At UW-Madison, Segregated Fees Finance “Kink Classes” and Hispanic Nationalists
Do students at University of Wisconsin System schools even know what the hundreds of dollars they pay annually in segregated fees go to?
That’s the question many of them could now be facing if a proposal in Governor Scott Walker’s 2017-2019 biennial state budget becomes law. As part of plan to usher in a 5 percent cut in tuition, Walker proposed allowing students to opt-out of paying for the allocated portion of their segregated fees.
“Allocable fees do not go towards long-term commitments or ongoing operational costs of university owned and controlled buildings,” a statement from the governor’s office read. “They provide support for campus student activities and services that are allocated by campus student government and university chancellors. Allowing an opt-out helps students make the decisions on what they do and do not want to fund.”
This is a key distinction for those who know UW-System finances. Segregated fees, which at some schools can add over $1,000 annually to a student’s higher education cost beyond those they pay for tuition, room, and board; are divided into two key area: Allocable and Non-Allocable.
Non-Allocable fees; which tend to deal with facilities management, student health services, intramural sports, and other general needs of the schools, are controlled by each school’s chancellor. Allocable fees pay for student services and student organizations and are controlled by each school’s student government.
By and large, the amount students pay for Non-Allocable fees far exceed the amount they pay for Allocable fees.

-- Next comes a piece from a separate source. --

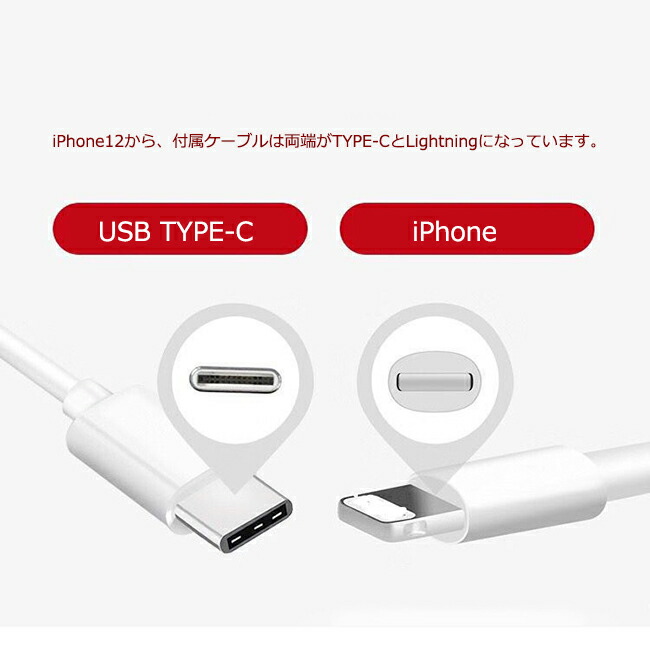 楽天市場】送料無料 USB-PDアダプタ用充電ケーブル iPhone13/iPhone12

Based on available figures from UW-Madison, students pay $6 in Non-Allocable fees for every $1 in Allocable fees or about $200 annually.
How this proposal is enacted by Gov. Walker has sent student governments and organizations scrambling to save their piece of the segregated fee pie. Shortly as Walker’s announcement, groups like the University of Wisconsin System Representatives, issued a statement to highlight all the good things segregated fees buy:
Student segregated fees are allocated by elected student governments and enable a wide range of services and student-life activities that everyone on campus can benefit from. They provide funding for key services that students can access free of charge, such as tutoring services, rape crisis centers, athletic programs, health services, cost-saving textbook rental programs, student-run radio stations, campus newspapers, and numerous services that facilitate student success. Additionally, student organizations funded by these fees are able to provide leadership and professional development opportunities which help to prepare students for the workforce.
That may all be true, but it is not the full story in regards to where all of these segregated fees are going to; particularly at UW-Madison where not every dollar can be said to do that. Case in point, two groups – SexOutLoud and MEChA – who do little to “provide leadership and professional development opportunities” or “prepare students for the workforce” based on their mission statement.
For instance “SexOutLoud” advertises itself as a group dedicated to “promote healthy sexuality through sex-positive education and activism,” claiming itself as nothing more than an adult version of the typical sex education class you had in Health Class years ago. But a look at its programs’ website uncovers one quickly graduates from basic sexual health, STDs, and birth control options to tips on how to please your lover in a bevvy of ways and positions, all the way to a class entitled “Kink 420,” a near-practical guide to BDSM.
Total organizational budget paid for by UW-Madison segregated fees in 2016-2017: $103,398.
Then there is the Movimiento Estuduantil Chicano de Aztlan, or M.E.Ch.A, which has been getting a portion of UW-Madison’s segregated fees for a number of years. Whether the UW-Madison communities knows it or not, the origins of M.E.Ch.A are remain highly controversial, particularly its stances of emphasizing “La Raza” or “The Race,” its belief in Aztlan (the idea of reclaiming the American Southwest for people of Aztec and Mayan descent), and severe nationalist ties. Even the group’s mission statement could seen as eyebrow raising.
M.E.Ch.A. was founded on the principles of self-determination for the liberation of our people.
“Liberation of our people” from what exactly?
Total amount of segregated fees given to the organization for the 2016-2017 academic year: $87,248.
While the dollars given to these two organizations may seem trivial, they are prime examples of the type of fiscal mismanagement student governments have practiced when allocating student segregated fees. Mismanagement which is likely not isolated to UW-Madison, with plenty of examples waiting to be uncovered on the other UW System campuses and is raises a legitimate question whether students and parents want their money going to these organizations.